O aumento de infectados por DSTs no Brasil
Enviada em 22/10/2017
A Comunidade Científica Internacional e a OMS reconhecem o programa brasileiro de tratamento contra a Aids como o mais avançado do mundo.Contudo, o país ainda sofre com o aumento no número de casos de DST’s. Desse modo, é crucial entender os aspectos que levam a esse cenário divergente, a fim de alcançar soluções para uma melhor qualidade de vida da população brasileira.
Em primeiro lugar, é preciso destacar que muitos indivíduos ainda não se previnem. A gravidez continua sendo a principal preocupação, sobretudo entre os mais jovens. Logo, há a utilização de anticoncepcionais e a camisinha,unica que previne contra doenças, é excluída nas relações sexuais.Por consequência, persiste o aumento da transmissão de DST’s no país. Prova disso,é a epidemia de Sífilis, que teve um avanço de 5000% em cinco anos de acordo com o Ministério da Saúde.
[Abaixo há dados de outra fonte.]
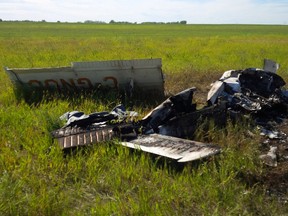 The Transportation Safety Board released photos of wreckage from a plane crash that killed two people Friday morning.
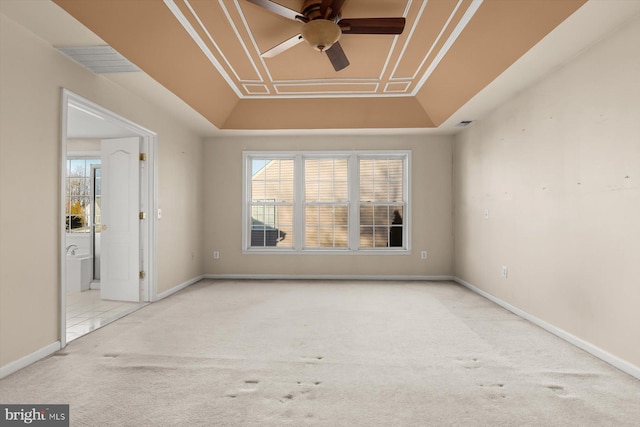 carpeted empty room featuring ceiling fan and a raised ceiling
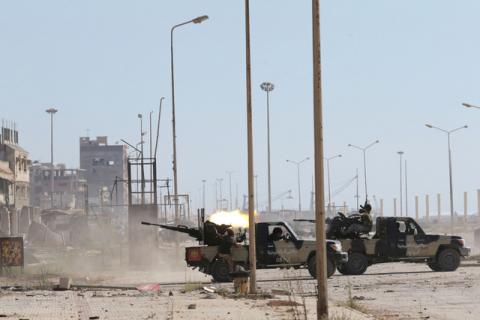 Clashes between special forces of the Libyan army and Islamist militants in Benghazi. PHOTO BY REUTERS/Esam Omran Al-Fetori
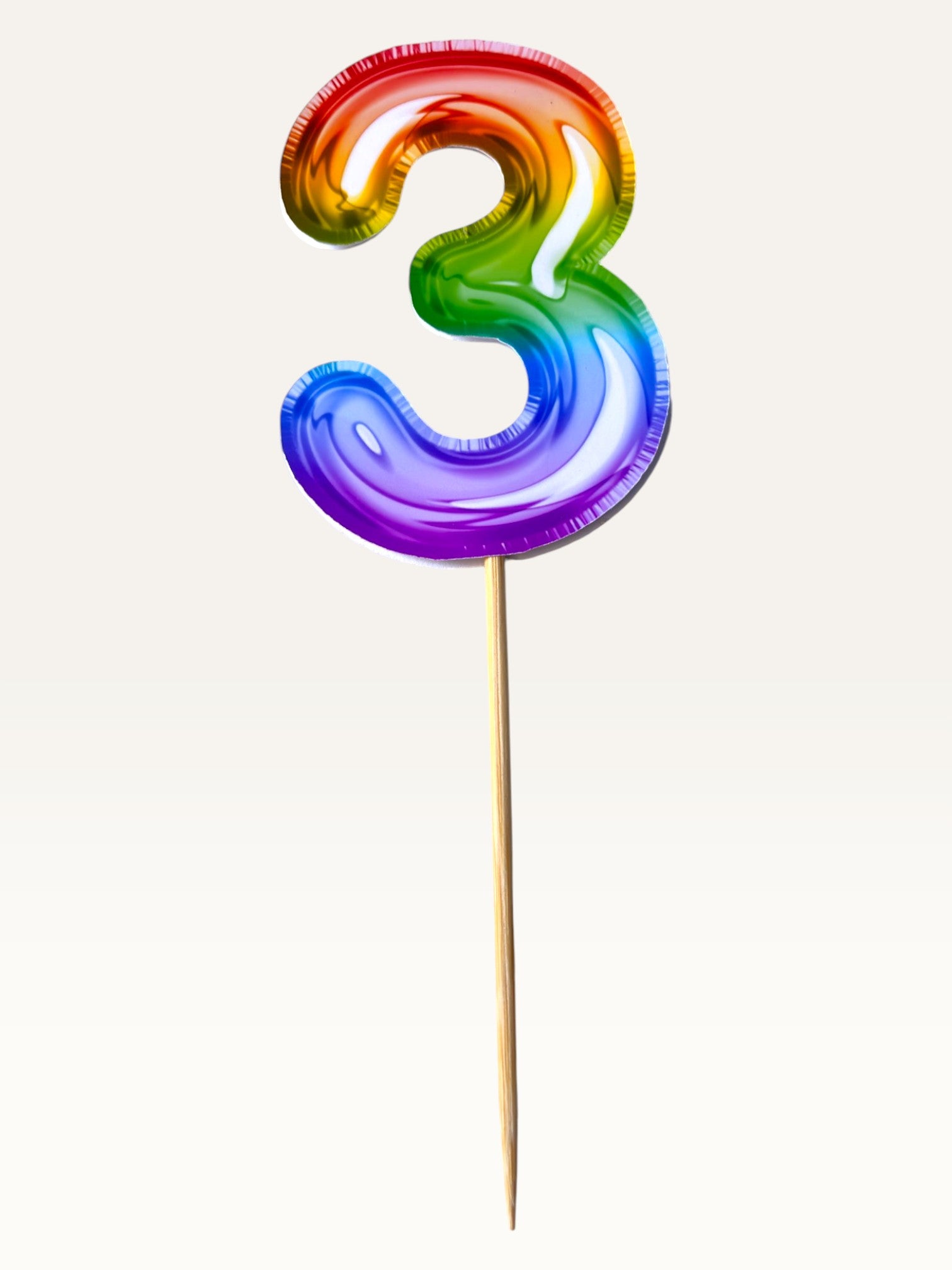 Paper Party Studio rainbow foil number 3 cake topper on a bamboo stick for birthday celebrations.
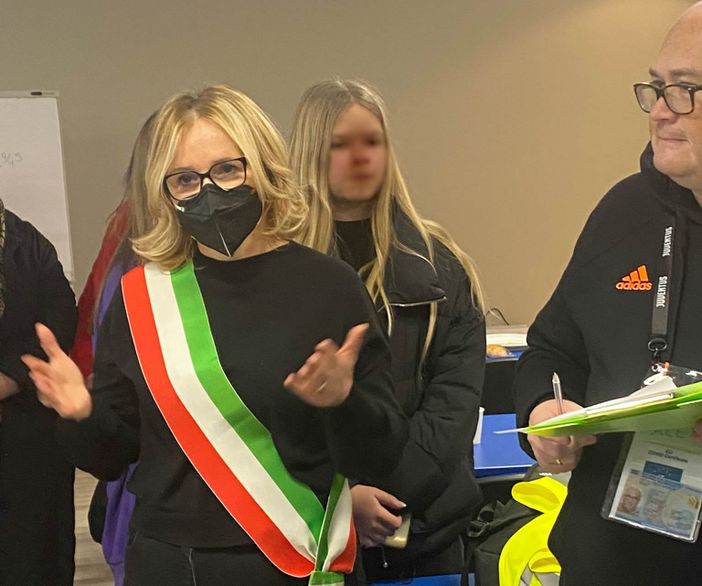 In primo piano il sindaco di La Morra Marialuisa Ascheri durante il momento di accoglienza dei profughi all'Hotel Santa Maria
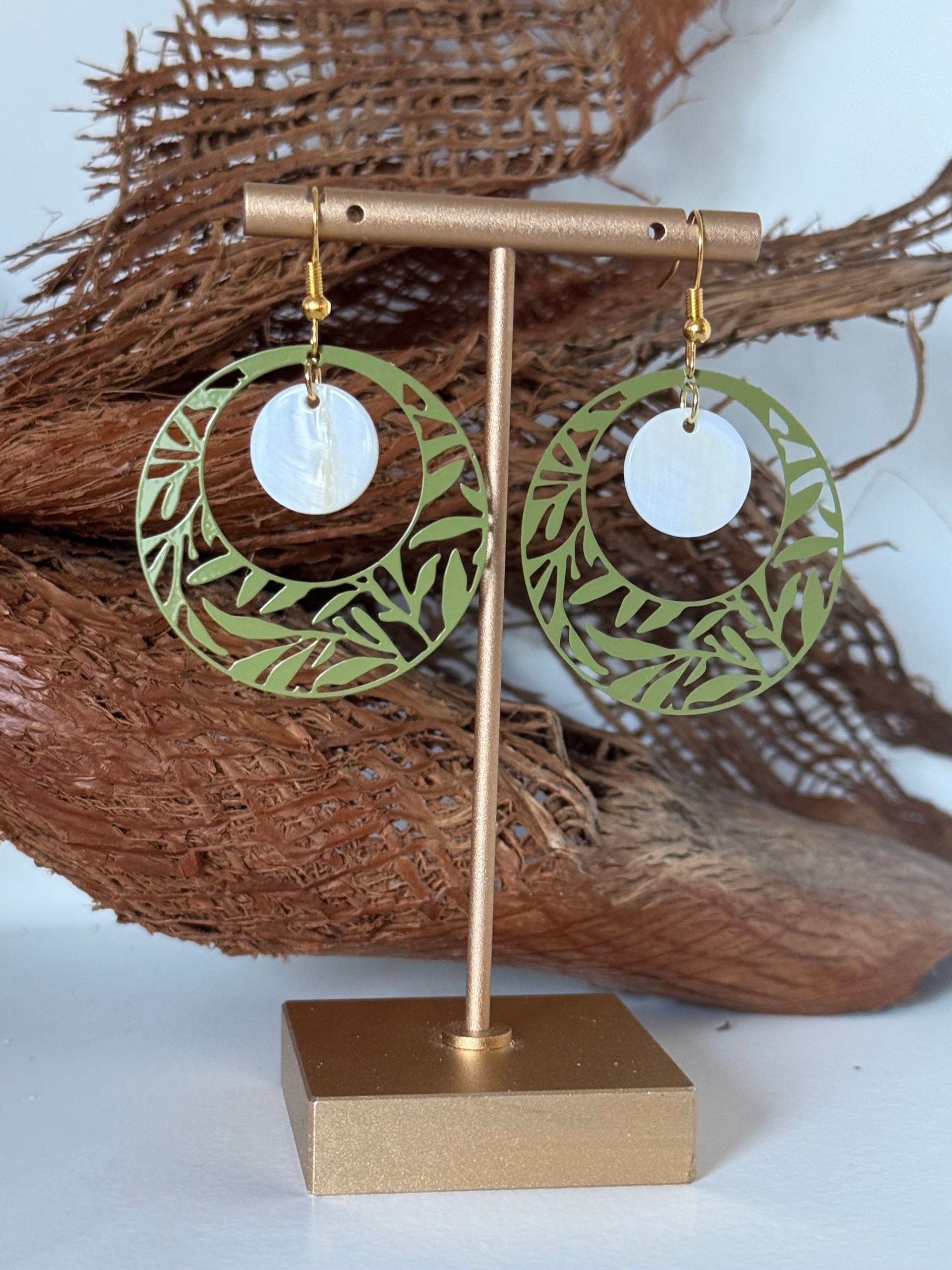 Paire de boucles d'oreilles en forme de feuille verte avec un centre circulaire blanc, présentées sur un support doré.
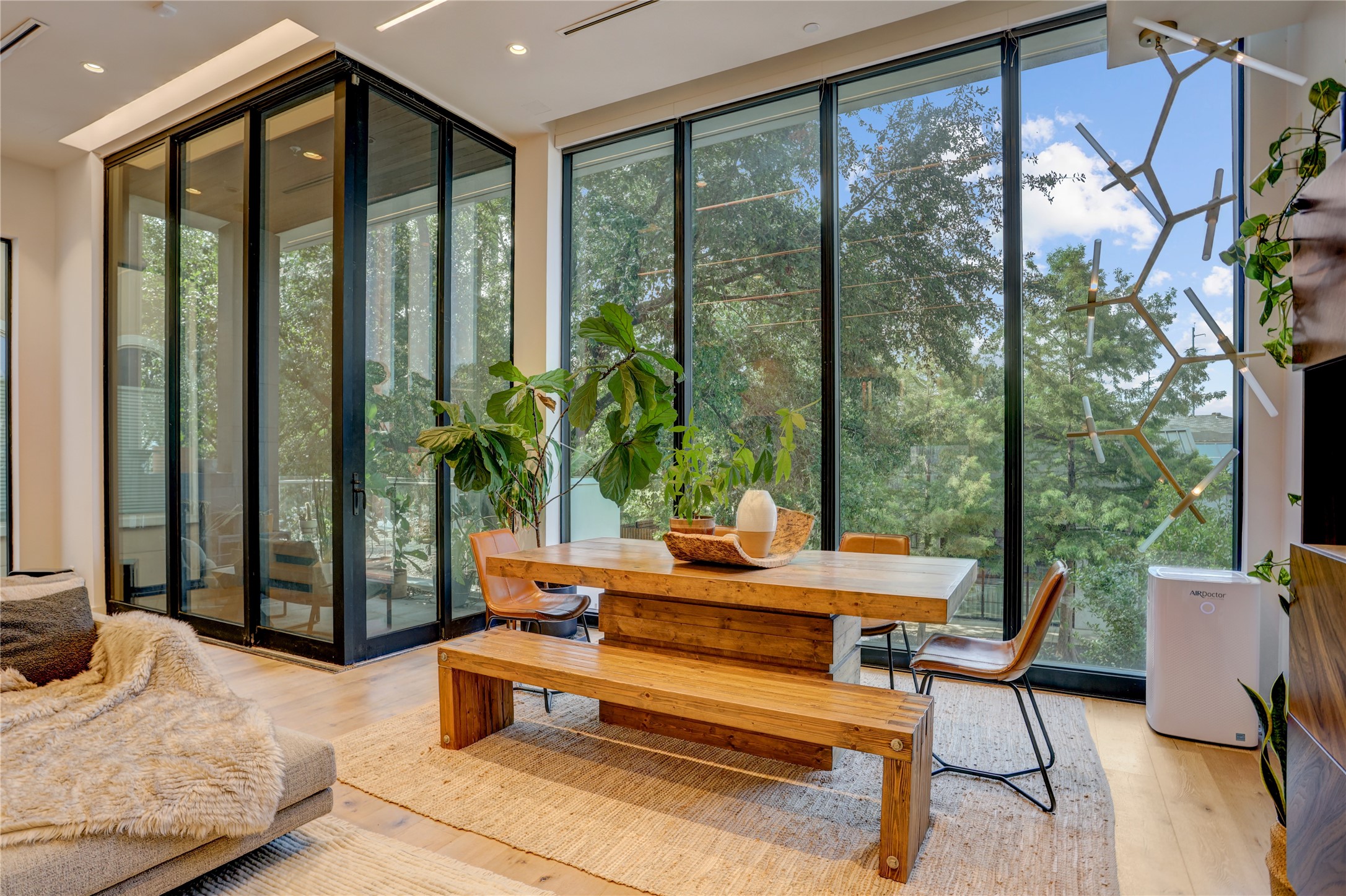 1807 Indiana Street Houston, TX 77006 - Photo 11 of 35 Dining Area & Balcony: Elegant dining space defined by soaring floor-to-ceiling windows and a massive sliding glass wall that opens directly onto a covered private balcony, offering serene treetop views.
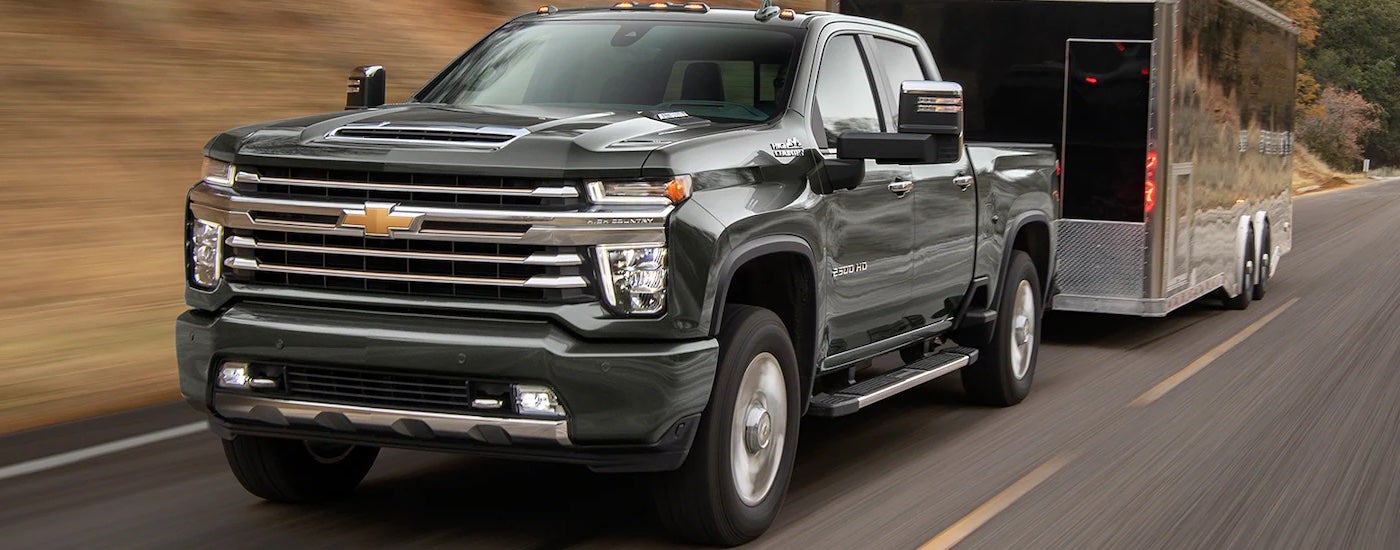 A black 2023 Chevy Silverado 2500HD is shown towing a black enclosed trailer.
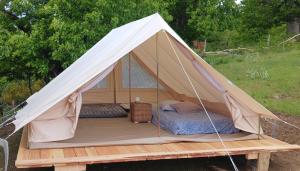 a tent with a bed on a wooden platform at Camping à la Ferme de la Marette in Gluiras
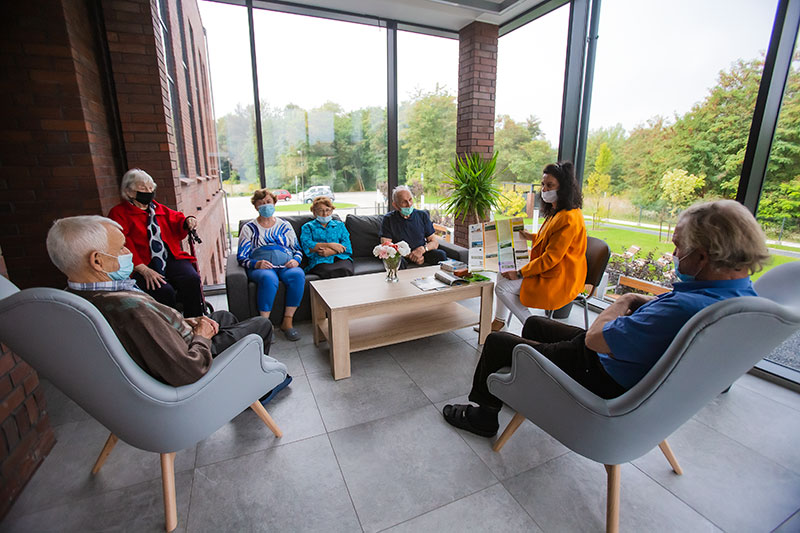 Fotografia przedstawia sześcioro seniorów siedzących na kanapach, wokół stolika, w trakcie zajęć. Prowadzi je kobieta w żółtej marynarce. Ściany są przeszklone, widoczny jest ogród i fragment parkingu.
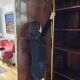 Antique walnut armoire with two doors.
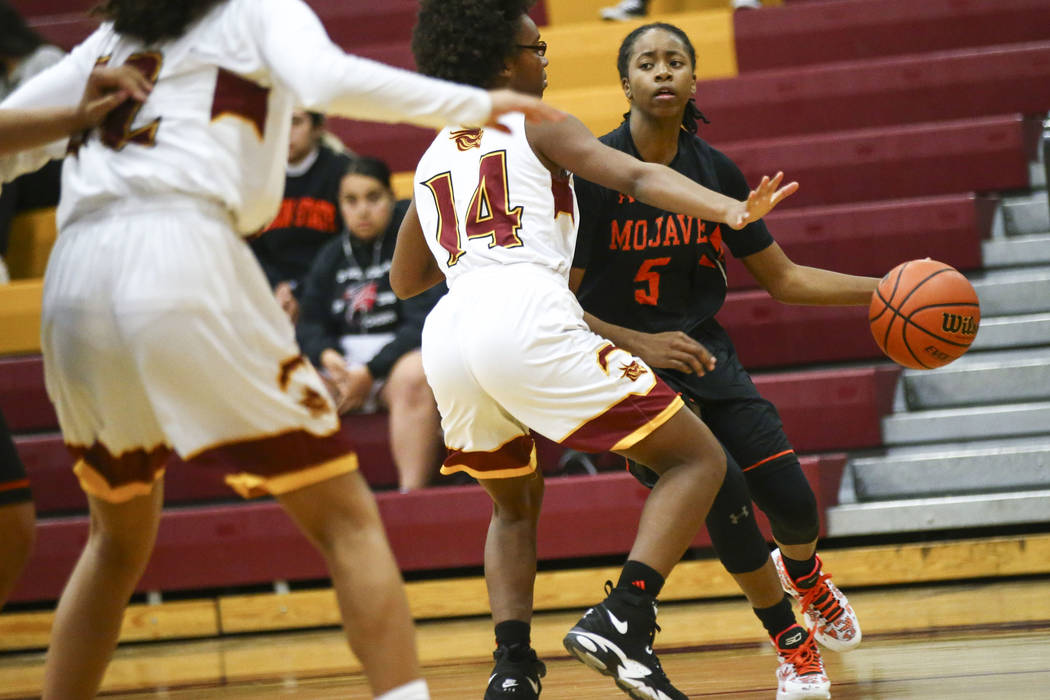 Mojave's Alecia Kelly (5) moves the ball around Del Sol's Nakala Nadeau (14) during the second half of a basketball game at Del Sol High School in Las Vegas on Wednesday, Jan. 30, 2019. (Chase Ste ...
É fundamental pontuar, ainda, acerca do preconceito contra os infectados. Na década de 90,marco do auge da Aids,a doença era atrelada principalmente aos homossexuais, o que colaborou para a criação de mitos sobre as DST’s. Tais mitos contribuem para a existência do preconceito devido à falta de informações verídicas. Com isso, em muitos casos, os doentes por medo de serem alvos da discriminação não buscam tratamento médico, além de não comunicarem aos parceiros que também precisariam de cuidados necessários.
Tornam-se evidentes,portanto, os elementos que colaboram para o atual quadro do país de aumento das DST’s.Cabe à escola promover palestras a fim de ensinar aos mais novos sobre os preservativos e as consequências da não utilização.É imprescindível, também, que o Ministério da Saúde forneça campanhas em todos os estados,que informem sobre DST’s e acabem com mitos, além da promoção de tratamentos e exames gratuitos.É válido,inclusive, que a mídia colabore para disseminação de tais campanhas.Assim, gradativamente, a frase de Gandhi fará sentido: “O futuro dependerá daquilo que fazemos no presente.”